A list of funny quotes that are written by an author that is not known or anonymous. Although not known, these amusing phrases must've had an author, so if you think you know who wrote any of them, please let us know.
I wonder, we lazy people go to heaven... or do they send someone to pick us up?
It's alright if you don't agree with me... I can't force you to be right.
It snowed so much last night that this morning my backyard was full of penguins.
Be bold, be italic, but never regular.
Long time ago I used to have a life, until someone told me to create a Facebook account.
A relationship without trust is like a cell phone with no service, all you can do is play games.
I hope we're good friends until we die, then I hope we can stay ghost friends, walk through walls and scare people.
If we shouldn't eat at night, why is there a light in the fridge?
Fart when someone hugs you, it makes them feel strong.
To make time fly, throw your watch out the window.

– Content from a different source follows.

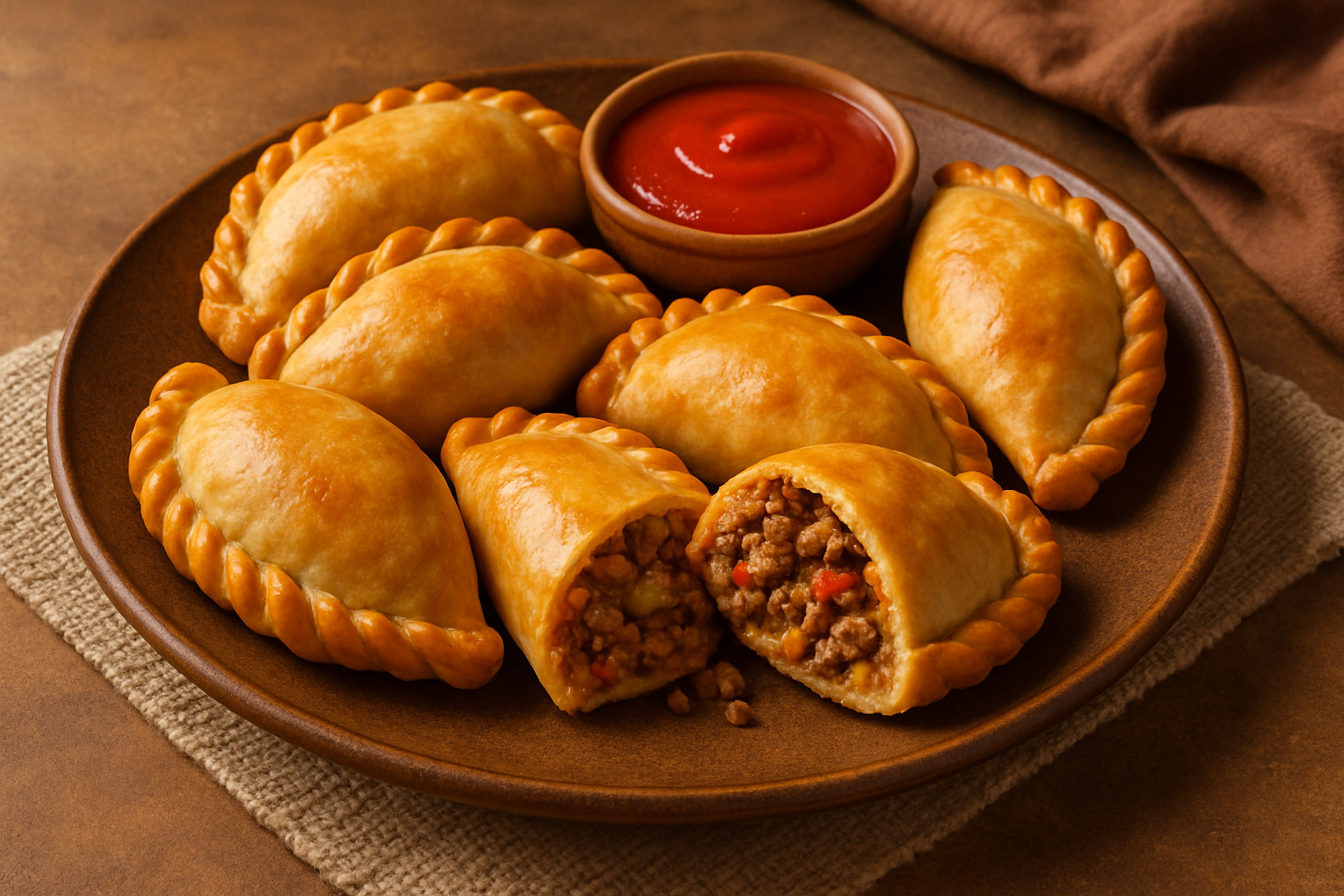 Map showing different empanada styles across Latin America with regional icons and typical fillings - empanadas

You're never too old to do goofy stuff.
Diet rule #1: If nobody sees you eating it, it doesn't contain any calories.
For 2019 I wish you 12 months of happiness, 52 weeks of fun, 365 days of success, 8760 hours of great health and 525600 lucky minutes! Happy New Year!
Best friends: they know how crazy you are but still choose to be seen in public with you.
Never let your best friends get lonely... keep disturbing them.
The worst part of online shopping is having to get up and get your card out of your wallet.
Don't know where your kids are in the house? Turn off the internet and they'll show up quickly.
I stretch my arms, I bend my knees, I straighten my neck, and they are all crunching. Conclusion: I'm not getting older, I'm getting more crunchy.
I swallowed an ice cube yesterday and I haven't pooped it out yet. I'm really scared, you guys.
Alcohol, what's that? It's not in my vodkabulary, but let me check in whiskypedia.
You never know what you have, until you clean your closet.
When there's a will, I want to be in it.
Whenever I'm sad, you're there. Whenever I have problems, you're there. Whenever I lose control, you're there. Let's face it, you are bad luck.
Don't worry if plan A fails, there are 25 more letters in the alphabet.
I once had a job in a orange juice factory, but I got canned because I couldn't concentrate.